The lines emerged on Wednesday and Thursday, as hundreds of Jews sought to visit the Temple Mount that for Rosh Hodesh (the celebration of the new month) of the Hebrew month of Iyar. Jews and tourists are allowed to access the Mount only via the Mughrabi Gate adjacent to the Kotel, and already in the early hours of Wednesday people gathered to enter.

The Muslim gatekeepers worked at their usual slow pace, and very quickly a long line developed – stretching at times for dozens of meters, outside the Dung Gate of the Old City. The wait for some was hours.

“Police say that a half million tourists, meaning non-Muslims, visit the Mount annually, but it's clear that there are a million more who would like to visit but don't because of these long lines,” said Glick. “It's time that the government takes responsibility for visit procedures on the Mount.”

In recent weeks, Jews have become much more outspoken over the discrimination they face in visiting the Mount. On Tuesday, the Liba Project held a conference for Jewish Temple Mount prayer rights. Addressing the conference, Deputy Religious Affairs Minister Eli Ben-Dahan said that Israel needs to set regulations to arrange prayers on the Mount. I expect and trust that the prime minister and the Israeli government will adopt these regulations, give them legal standing, and allow any Jew who wants to ascend to the Temple Mount and pray there, to pray there."

The emergency conference, entitled "Returning the Temple Mount," was organized by Glick, following the repeated riots by Muslim visitors preventing Jews from accessing the site. "We came to say in a clear voice - enough is enough," declared Glick. "The situation of daily harassment of Jews on the Temple Mount cannot continue, not even for another moment." Glick called on the state to defend the rights of Jews to pray at the holy site, as a "sovereign and democratic nation."

Despite being the holiest site in Judaism, Jewish access to the Temple Mount is very limited - including a blanket ban on Jewish worship there - in what activists have condemned as a capitulation to Muslim extremism. Israeli police, in an attempt to appease the Muslim Waqf trust which was left in charge of the compound after the 1967 Six Day War, ban Jews from praying or performing any other form of worship.

On a visit to Israel last month, US Congressman Bill Johnson (R-OH) expressed his "shock" after witnessing anti-Jewish discrimination on the Temple Mount. Johnson, along with Congressman David McKinley (R-WV), were part of a small group of six people, led by Rabbi Chaim Richman of the Temple Institute, among hundreds of people queuing to visit the Mount, which is also the site of the Al Aqsa Islamic complex.

Rabbi Richman urged the legislators to pay attention to the difference between how their group - which included religious Jews - would be treated in comparison to other visitors to the Mount.

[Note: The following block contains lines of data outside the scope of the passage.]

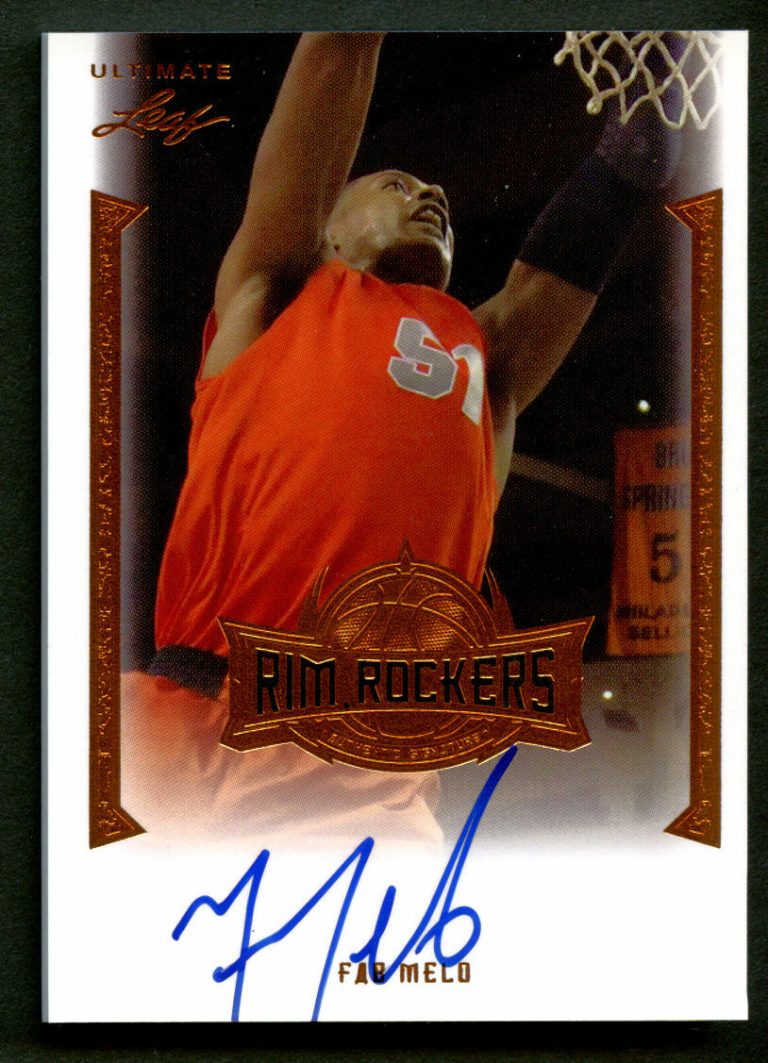 Fab Melo RR-FM1 signed autograph auto 2012 Leaf Ultimate Rim Rockers Basketball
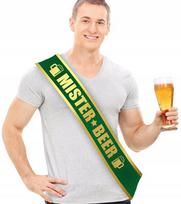 Svarbu Alaus Gerbėjui: "mister Beer" juosta gimtadieniui, vakarėliui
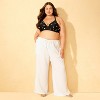 Women's Gauze Swim Cover Up Pants - Shade & Shore™ - 3 of 3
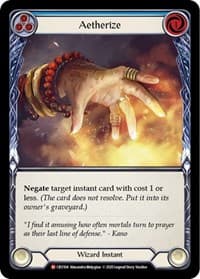 Aetherize - Crucible of War - Flesh and Blood TCG card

"No one knew who we were... that we were members of the U.S. Congress or anything like that," Johnson said. And it was that anonymity which enabled them to experience a ritual that is all too familiar to the countless Jews who have visited the Temple Mount.

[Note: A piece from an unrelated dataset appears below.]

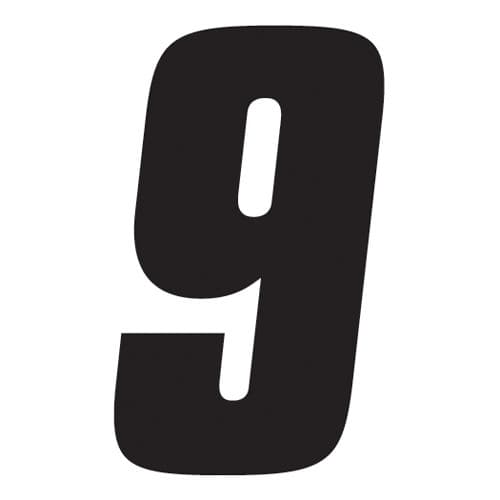 FX 2015 NUMBERS FACTORY 4" BLACK 9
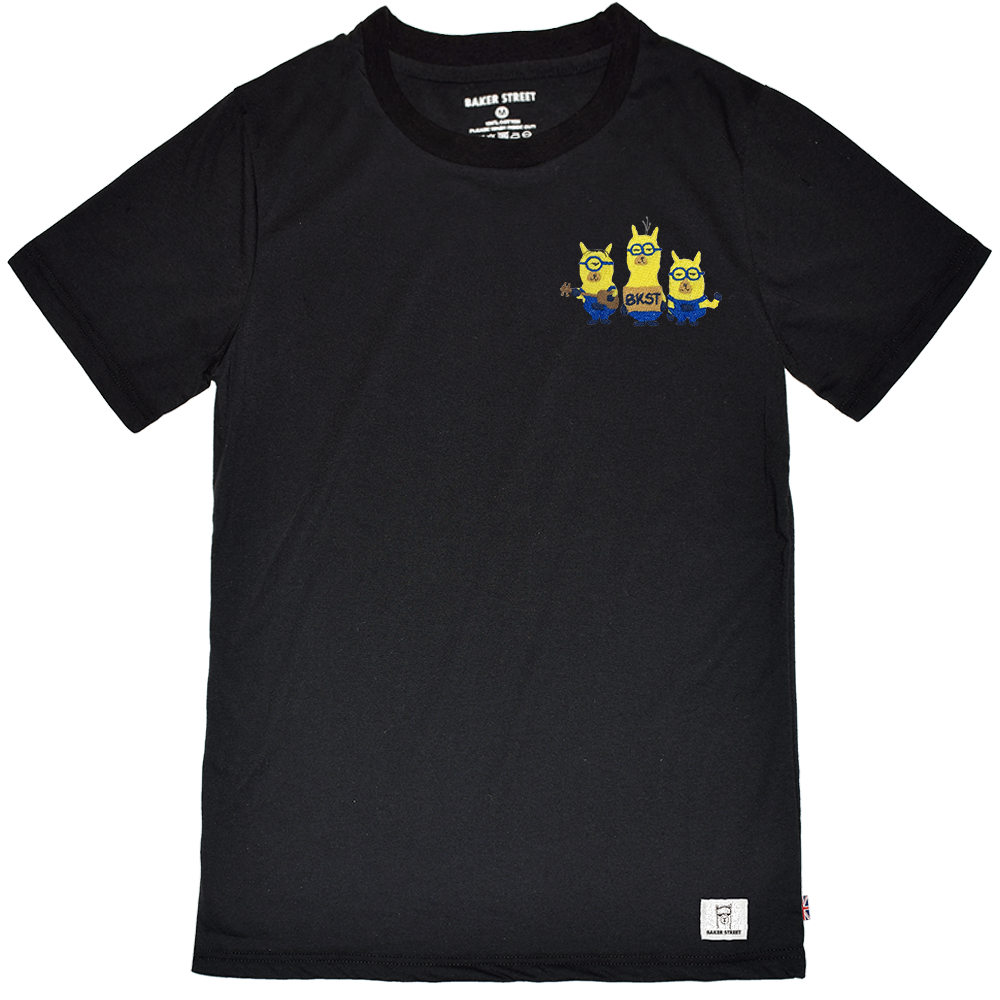 Embroidery-Minipacas 小兵駝 刺繡 短T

"We were first in line," he recalls, but after handing their IDs to police as requested they were forced to wait until everyone else behind them ("and it was a long line!") filed through, before they were finally allowed to ascend.

"When we were finally allowed to go through we were followed very closely by a member of the Waqf," he recounted.

"It struck me how intimidating this gentleman was trying to be. He looked like someone out of a Hollywood movie - with his hair slicked back and his shades hiding his eyes so you couldn't see what he was looking at... he stayed pretty close to us, and followed us around wherever we went.

"The rabbi pointed out that if he were to take out his Torah or give any indication that he was exercising his freedom of worship on the Temple Mount by praying - or if any of us were to take out our Bibles and try to pray or express our religion on the Temple Mount... we could have been arrested and removed and incarcerated.

"This thug followed us everywhere we went and if we stopped and took too long in one place he would look at the Israeli police, who would say 'you need to keep your group moving.'"

Despite a police escort, the group was subjected to a torrent of verbal abuse by a group of female Muslim worshipers who, he noted with some irony, were engaged in "their own prayer services, their rituals" on the Mount, "something Jews are not allowed to do."